* **Task to complete**: From the records below, return every line containing the word "Photo".

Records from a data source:

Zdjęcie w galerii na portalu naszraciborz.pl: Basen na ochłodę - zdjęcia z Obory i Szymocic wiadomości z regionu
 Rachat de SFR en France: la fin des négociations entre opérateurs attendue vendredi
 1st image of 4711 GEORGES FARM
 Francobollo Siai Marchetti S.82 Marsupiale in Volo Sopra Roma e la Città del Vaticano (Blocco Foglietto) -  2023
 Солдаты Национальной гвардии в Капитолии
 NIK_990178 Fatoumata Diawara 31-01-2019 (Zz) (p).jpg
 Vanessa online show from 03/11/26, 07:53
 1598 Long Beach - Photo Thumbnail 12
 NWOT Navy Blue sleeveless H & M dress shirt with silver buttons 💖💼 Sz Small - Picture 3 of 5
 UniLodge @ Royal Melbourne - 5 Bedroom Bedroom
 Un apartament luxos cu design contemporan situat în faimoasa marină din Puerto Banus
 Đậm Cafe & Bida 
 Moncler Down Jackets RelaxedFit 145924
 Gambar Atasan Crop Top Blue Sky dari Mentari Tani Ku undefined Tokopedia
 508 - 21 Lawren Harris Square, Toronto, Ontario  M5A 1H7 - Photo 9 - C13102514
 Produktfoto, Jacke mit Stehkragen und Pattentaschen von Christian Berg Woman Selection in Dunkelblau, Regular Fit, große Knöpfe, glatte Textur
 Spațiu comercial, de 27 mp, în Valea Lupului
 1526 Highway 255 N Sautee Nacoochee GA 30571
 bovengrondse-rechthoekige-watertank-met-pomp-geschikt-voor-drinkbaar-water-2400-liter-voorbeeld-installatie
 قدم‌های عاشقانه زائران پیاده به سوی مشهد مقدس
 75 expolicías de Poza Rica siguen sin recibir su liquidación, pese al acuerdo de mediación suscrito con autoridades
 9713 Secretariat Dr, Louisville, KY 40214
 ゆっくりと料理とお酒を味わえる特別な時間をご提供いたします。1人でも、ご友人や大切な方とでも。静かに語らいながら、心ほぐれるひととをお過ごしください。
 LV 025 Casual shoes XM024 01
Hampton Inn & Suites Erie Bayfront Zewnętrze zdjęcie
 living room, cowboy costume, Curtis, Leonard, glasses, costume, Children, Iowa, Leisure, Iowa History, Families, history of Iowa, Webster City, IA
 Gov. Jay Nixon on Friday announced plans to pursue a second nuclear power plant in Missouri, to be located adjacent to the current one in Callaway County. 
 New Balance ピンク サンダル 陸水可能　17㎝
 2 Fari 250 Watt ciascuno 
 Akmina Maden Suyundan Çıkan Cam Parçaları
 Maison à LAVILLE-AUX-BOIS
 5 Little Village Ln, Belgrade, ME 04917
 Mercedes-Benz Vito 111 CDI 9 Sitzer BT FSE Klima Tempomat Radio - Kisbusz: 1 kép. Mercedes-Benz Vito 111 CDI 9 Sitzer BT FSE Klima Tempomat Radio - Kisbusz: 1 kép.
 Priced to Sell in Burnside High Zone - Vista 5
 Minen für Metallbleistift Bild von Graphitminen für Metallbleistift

* **Response**:
 1598 Long Beach - Photo Thumbnail 12
 508 - 21 Lawren Harris Square, Toronto, Ontario  M5A 1H7 - Photo 9 - C13102514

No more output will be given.